La Haute Cour de Madras estime que l’administration des biens de l’Église doit être placée sous le contrôle de l’État. « Alors que les dotations charitables des hindous et des musulmans sont soumises à une régulation légale, aucun dispositif de ce type n’existe pour les dotations chrétiennes », a déclaré le juge N. Sathish Kumar, qui souhaite la création d’un organisme dédié.
Selon la Haute cour, les affaires de corruption se multiplient en raison de l’absence de réglementation. Les conflits croissants au sein des conseils chrétiens qui gèrent des institutions éducatives, des hôpitaux et des fonds se retrouvent régulièrement devant les tribunaux indiens, entraînant une perte de temps et de ressources. Selon le juge N. Sathish Kumar, certains actifs sont utilisés à des fins individuelles, principalement par des personnes cherchant à renforcer leur pouvoir.
La Haute cour intervient dans le cadre d’une série de pétitions concernant les salaires d’employés et les nominations à des postes au sein de l’établissement du Scott Christian College, situé dans le diocèse de Kanyakumari. Ces recours ont été déposés par des membres de l’Église de l’Inde du Sud (CSI, Church of South India), créée en 1947 à l’Indépendance de l’Inde pour administrer les biens de l’Église anglicane. Les institutions chrétiennes possèdent d’importantes propriétés et leurs fonds « sont utilisés pour alimenter des luttes de pouvoir », a observé la Haute cour de Madras.
En cas de conflits, des administrateurs temporaires sont habituellement nommés par les tribunaux. La création d’un conseil statutaire permettrait une meilleure régulation des affaires administratives tout en rendant l’institution plus responsable, a estimé le juge N. Sathish Kumar. Ce dernier a décidé, le 23 octobre, de solliciter la position du ministère de l’Intérieur de l’Inde et du gouvernement du Tamil Nadu, qui devraient faire part de leur réponse à la fin du mois de novembre.
Des responsables religieux ont d’ores et déjà exprimé leur inquiétude face à ces développements. Le père Robinson Rodrigues, porte-parole de la Conférence des évêques catholiques de l’Inde (CBCI), a déclaré :
« Notre département juridique est en train d’étudier les implications de cette décision ».

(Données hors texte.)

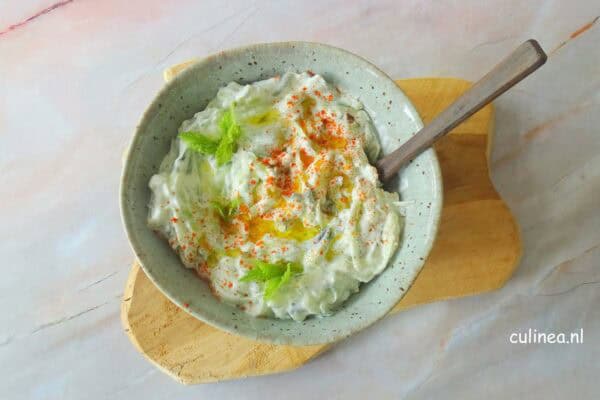 Tzaziki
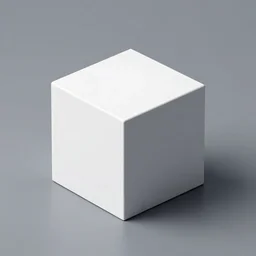 simple cube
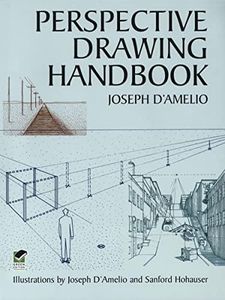 Perspective Drawing Handbook (Dover Art Instruction)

Le père jésuite Santhanam a ajouté :
« Le problème existe. Un examen de conscience est nécessaire pour protéger l’avenir de ces biens. En ce qui concerne les fonds et les propriétés, les instances ecclésiastiques devraient se rappeler qu’elles ne sont que des ‘gardiennes’ de ces biens et qu’elles doivent les préserver pour les générations futures. »
Au Kerala et au Maharashtra, des demandes de groupes chrétiens ont par ailleurs déjà été formulées en faveur de l’adoption de lois pour régir les biens de l’Église.
Cette semaine au Tamil Nadu, un affrontement a éclaté au sein même de l’église CSI de Keelavasal, dans le district de Madurai, entre les anciens et les nouveaux administrateurs. Il s’agirait d’un différend lié à la gestion des registres financiers de l’église. La police a dû intervenir et une plainte a été déposée contre trois personnes. Depuis, une vidéo de l’altercation circule sur les réseaux sociaux et contribue plus encore à mettre en lumière les conflits internes de l’Eglise.